John Stokes is a poet of light and water and the sound of women’s cries. He has a thing for the Australian landscape.
—Kate Llewellyn
Celebrated poet John Stokes does not shy from the contentious and the harrowing, his verse evokes the plain truth about love, sex and chaos. In a clear, resonant voice Fire in the Afternoon catches the truth in the midst of the storm, his poems resonating from a life that has known love, joy, loss and solitude in nature.
John Karl Stokes was born on a sharefarm on the banks of the Georges River near Casula, NSW, at a place that no longer exists. He trained as a cartographer and then a land surveyor, before training and working as a town planner in London. He wrote all the while, despite being “specifically and actively discouraged from writing by Alan Sillitoe.”
His first major collection of poems and prose pieces, A River in the Dark, was published in 2003, since then he has won or been shortlisted for many major prizes, and his work has been published widely in Australia, Italy, Japan, U.K., and the U.S.A.
He has has won or been shortlisted for many major prizes including the Blake, David Campbell, Rosemary Dobson, Newcastle and Woorilla Prizes for poetry.
His work has appeared in many anthologies, journals and papers, including Antipodes, The Canberra Times; Island, Newcastle and Hunter anthologies; Meanjin, RedRoom projects; Scarp and Ulitarra.
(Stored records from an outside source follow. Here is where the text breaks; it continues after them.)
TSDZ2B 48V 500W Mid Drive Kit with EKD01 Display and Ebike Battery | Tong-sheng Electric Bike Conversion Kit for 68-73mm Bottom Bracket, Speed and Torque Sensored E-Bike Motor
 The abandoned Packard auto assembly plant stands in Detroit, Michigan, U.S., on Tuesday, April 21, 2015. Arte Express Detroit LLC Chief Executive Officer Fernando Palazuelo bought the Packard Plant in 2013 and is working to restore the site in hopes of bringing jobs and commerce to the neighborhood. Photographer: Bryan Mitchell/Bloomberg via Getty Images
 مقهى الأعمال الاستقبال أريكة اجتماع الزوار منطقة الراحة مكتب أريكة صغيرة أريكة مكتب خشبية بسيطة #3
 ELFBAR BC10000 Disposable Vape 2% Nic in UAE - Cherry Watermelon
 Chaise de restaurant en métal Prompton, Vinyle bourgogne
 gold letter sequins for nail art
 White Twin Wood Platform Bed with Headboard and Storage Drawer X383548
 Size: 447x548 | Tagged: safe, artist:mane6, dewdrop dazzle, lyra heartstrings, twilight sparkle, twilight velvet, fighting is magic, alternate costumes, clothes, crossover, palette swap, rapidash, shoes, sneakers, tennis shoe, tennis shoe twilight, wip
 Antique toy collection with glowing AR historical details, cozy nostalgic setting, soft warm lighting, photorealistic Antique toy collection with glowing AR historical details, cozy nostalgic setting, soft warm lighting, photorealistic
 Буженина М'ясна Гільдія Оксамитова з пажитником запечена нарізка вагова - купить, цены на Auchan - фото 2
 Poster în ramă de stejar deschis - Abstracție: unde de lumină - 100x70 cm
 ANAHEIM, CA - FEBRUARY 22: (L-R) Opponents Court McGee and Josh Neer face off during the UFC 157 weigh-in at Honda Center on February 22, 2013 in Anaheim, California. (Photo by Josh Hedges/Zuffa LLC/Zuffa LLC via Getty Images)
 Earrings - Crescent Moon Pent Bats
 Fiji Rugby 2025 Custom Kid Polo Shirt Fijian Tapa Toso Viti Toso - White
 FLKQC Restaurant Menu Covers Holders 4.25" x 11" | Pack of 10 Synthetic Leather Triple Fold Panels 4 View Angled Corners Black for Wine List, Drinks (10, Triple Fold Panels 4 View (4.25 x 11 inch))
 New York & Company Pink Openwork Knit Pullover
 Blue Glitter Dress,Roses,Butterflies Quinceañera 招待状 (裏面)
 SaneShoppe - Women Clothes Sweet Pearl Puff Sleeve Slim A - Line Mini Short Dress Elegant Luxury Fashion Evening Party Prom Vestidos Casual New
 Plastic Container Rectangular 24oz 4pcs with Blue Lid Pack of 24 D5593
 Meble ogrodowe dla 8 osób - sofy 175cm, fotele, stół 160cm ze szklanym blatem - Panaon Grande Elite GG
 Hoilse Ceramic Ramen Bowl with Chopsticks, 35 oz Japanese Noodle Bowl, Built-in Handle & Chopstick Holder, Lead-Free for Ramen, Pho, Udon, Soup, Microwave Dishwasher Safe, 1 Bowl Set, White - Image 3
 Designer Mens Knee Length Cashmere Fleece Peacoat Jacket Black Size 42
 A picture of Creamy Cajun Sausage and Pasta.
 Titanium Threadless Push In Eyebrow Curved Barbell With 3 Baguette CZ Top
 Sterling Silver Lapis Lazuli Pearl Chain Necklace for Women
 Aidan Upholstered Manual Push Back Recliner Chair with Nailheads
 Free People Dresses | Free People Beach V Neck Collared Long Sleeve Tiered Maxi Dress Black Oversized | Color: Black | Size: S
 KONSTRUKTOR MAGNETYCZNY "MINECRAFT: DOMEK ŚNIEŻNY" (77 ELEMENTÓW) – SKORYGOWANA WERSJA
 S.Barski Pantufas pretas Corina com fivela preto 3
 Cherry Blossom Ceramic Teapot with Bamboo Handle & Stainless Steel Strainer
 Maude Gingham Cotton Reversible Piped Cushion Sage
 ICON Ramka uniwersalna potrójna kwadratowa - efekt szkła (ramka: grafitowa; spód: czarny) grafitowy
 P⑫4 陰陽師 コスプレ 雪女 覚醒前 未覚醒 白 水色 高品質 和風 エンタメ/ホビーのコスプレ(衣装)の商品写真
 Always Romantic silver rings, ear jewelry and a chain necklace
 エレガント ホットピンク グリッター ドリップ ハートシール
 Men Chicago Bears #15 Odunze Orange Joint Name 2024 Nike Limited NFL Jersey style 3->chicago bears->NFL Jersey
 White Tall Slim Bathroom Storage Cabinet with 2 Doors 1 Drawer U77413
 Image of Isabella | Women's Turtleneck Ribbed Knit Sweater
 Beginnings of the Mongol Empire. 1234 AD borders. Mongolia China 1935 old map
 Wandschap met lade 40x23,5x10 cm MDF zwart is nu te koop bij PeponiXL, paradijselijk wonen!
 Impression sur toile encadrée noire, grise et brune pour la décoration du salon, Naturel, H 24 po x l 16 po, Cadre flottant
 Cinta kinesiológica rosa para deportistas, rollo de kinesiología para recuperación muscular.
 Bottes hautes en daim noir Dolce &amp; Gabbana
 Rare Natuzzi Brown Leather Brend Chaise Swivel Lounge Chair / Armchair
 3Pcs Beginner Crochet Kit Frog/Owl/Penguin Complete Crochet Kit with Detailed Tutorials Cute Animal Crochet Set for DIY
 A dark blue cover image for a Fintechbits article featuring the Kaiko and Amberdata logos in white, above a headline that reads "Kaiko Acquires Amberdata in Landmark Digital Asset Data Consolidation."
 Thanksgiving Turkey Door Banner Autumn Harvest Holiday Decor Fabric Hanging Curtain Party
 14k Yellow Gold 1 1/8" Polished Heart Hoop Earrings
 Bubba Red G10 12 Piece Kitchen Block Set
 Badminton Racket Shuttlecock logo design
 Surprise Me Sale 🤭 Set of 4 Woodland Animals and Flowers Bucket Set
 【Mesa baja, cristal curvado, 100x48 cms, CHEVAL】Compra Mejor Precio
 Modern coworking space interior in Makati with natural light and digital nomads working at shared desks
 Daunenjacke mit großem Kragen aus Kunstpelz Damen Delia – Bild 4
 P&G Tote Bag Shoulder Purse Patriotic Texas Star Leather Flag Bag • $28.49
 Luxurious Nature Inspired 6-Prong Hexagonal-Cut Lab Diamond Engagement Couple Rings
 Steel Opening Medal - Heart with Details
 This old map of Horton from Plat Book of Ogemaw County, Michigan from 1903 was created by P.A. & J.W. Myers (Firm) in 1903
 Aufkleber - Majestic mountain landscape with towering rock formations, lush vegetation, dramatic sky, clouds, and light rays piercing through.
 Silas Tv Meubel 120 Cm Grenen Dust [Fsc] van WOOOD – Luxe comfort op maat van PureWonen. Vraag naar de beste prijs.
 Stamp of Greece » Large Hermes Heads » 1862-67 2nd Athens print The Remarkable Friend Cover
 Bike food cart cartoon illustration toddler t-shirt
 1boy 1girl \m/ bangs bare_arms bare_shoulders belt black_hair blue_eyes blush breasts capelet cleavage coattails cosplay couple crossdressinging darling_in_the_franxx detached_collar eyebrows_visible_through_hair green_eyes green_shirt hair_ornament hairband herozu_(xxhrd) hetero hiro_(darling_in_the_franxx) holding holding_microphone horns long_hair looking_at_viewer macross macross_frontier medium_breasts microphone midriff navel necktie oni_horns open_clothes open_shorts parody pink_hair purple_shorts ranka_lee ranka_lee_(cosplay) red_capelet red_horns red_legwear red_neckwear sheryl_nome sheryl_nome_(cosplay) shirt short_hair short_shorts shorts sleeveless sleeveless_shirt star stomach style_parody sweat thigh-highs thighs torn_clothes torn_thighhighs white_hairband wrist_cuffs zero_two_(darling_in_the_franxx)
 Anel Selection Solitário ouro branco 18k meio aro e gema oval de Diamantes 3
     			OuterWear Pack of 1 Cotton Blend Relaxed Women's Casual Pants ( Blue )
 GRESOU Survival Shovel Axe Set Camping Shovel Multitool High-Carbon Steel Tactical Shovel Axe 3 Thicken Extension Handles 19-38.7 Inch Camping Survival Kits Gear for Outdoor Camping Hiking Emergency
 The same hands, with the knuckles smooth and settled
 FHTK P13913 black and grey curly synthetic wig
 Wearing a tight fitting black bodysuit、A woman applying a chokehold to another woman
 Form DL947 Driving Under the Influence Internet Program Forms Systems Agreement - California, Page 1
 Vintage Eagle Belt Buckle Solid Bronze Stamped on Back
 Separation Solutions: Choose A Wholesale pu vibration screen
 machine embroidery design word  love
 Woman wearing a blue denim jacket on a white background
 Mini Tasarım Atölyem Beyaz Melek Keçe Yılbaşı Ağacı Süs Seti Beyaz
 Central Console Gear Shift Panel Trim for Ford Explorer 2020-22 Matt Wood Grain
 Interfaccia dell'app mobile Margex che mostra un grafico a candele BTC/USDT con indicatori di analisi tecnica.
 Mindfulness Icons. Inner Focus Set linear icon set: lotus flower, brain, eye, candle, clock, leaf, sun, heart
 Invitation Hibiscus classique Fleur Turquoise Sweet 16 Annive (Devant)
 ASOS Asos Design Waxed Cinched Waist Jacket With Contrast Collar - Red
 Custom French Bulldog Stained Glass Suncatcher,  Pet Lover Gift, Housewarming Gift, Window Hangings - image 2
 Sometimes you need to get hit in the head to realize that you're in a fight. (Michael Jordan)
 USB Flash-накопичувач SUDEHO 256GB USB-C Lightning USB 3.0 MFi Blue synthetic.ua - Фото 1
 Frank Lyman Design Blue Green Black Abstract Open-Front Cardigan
He represented the A.C.T. and Australia at the 2011 International Poetry Festival on the Lake Orta, Italy, publishing a chapbook:- Dancing in the Yard at Eden through the regional authority there and with the assistance of Arts A.C.T.
An active member of the arts and literary community, he has been a member and a Board member of several Writers Centres, given readings throughout Australia, tutored in writing and in contract management, and represented literary communities of various colours.
He lives in Canberra and is the committed partner of the well-known novelist, Marion Halligan.